First, I just want to say that I use Dart pretty regularly now and enjoy the language. I don't want to come across as overly negative; Dart is a solid language that's made web programming a lot more fun for me. So thank you, and everyone else on the Dart team for the hard work!

I just want to address these lines:

> Thousands of successful applications and a billions of lines of UI code have been written in object oriented languages.

> More code is written in languages doing subclassing every day than in languages with sum types. Despite the fact that sum types have been around since the 70s. You have to have a very uncharitable opinion of all of your fellow programmers to believe they've all been getting this wrong for decades.
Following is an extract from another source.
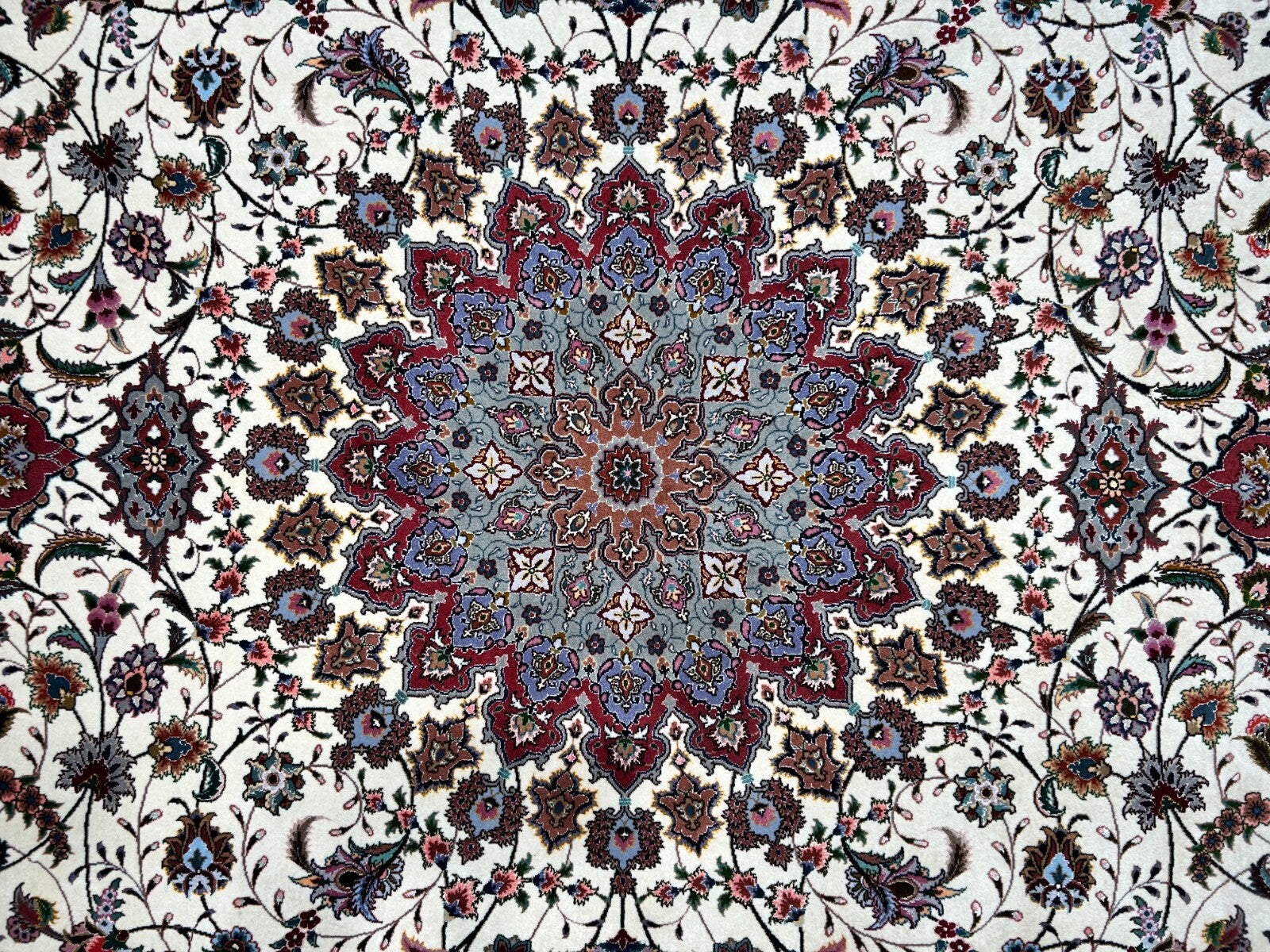 6'9"x9'9" Fine Hand-Knotted Wool & Silk Blend Tabrize Carpet - Area Rug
I agree that there's a huge amount of code out there using subclassing and not sum types. I'm not disputing the utility of subclassing; I just think the analogy to arithmetic is compelling, in that a closed sum type is a more primitive notion than open ended subclassing. It's easier to describe what a sum type is than what a subclass is; sum types have a smaller impact on a type system than subclassing. Pretty much any metric you can think of, sum types are just simpler, and more widely applicable. Any time you are describing a data structure, an ADT is immediately useful; subtyping may or may not be useful and is always more complicated. It's very difficult for me to understand how anyone could possibly say subtyping is on the same level as a basic operation like addition. Subclassing may or may not be nice but sum types are a primitive in a way that subclassing simply cannot be.

I don't know how to break it down more than this: we already have multiplication of types, and everyone accepts this as a primitive. Well, you can also do addition of types! Multiplication, addition, a neat little pair, just like algebra class[0]. Subclassing is way more complicated than this. That's it, that's a bullet proof argument as far as I'm concerned.

I suppose I do have an uncharitable opinion of mainstream programming languages, because I do think they've been getting this wrong for decades. It's nothing personal, it's just that industry has other concerns besides how clean their languages are. My browser being written in C++ is not an argument in favor of subclassing, though. You can build anything out of toothpicks if you're paid enough.

[0]: https://typedefs.com/introduction/

> I just think the analogy to arithmetic is compelling, in that a closed sum type is a more primitive notion than open ending subclassing.

I agree, sum types have a real beautiful elegance. But I often wonder if that's some sort of "appeal to mathematical aesthetics" fallacy. When I see, for example, painters deciding what brushes to use, I don't see them choosing brushes whose diameter follows the Fibonacci sequence or something.

Simplicity is a virtue because it lowers the cognitive load of a language. I don't know if mapping something to arithmetic tells us something actually profound about the productivity of a language feature, even if it gives me a little shiver of delight when I think about it.

> Any time you are describing a data structure, an ADT is immediately useful

For what it's worth, I often run into problems where I think I can map something to a nice set of ADTs but then it ends up still having ugly corners. As elegant as the language feels, when I use them in practice my code is still awkward sometimes.

> It's very difficult for me to understand how anyone could possibly say subtyping is on the same level as basic operation like addition, one of them is clearly a more basic idea.

Subtyping is set theory, and sets are obviously more fundamental than arithmetic! :D

> we already have multiplication of types, and everyone accepts this as a primitive.

Well, actually, lots of languages don't have tuples and records/structs aren't simple product types.

> I suppose I do have an uncharitable opinion of mainstream programming languages

I wasn't talking about languages I was talking about people. There are languages out there with all of the features you describe. Yet millions of people are choosing other languages. You must have an uncharitable view of those people if you presume that all of them are making a choice that goes against their own self-interest to be happy productive programmers.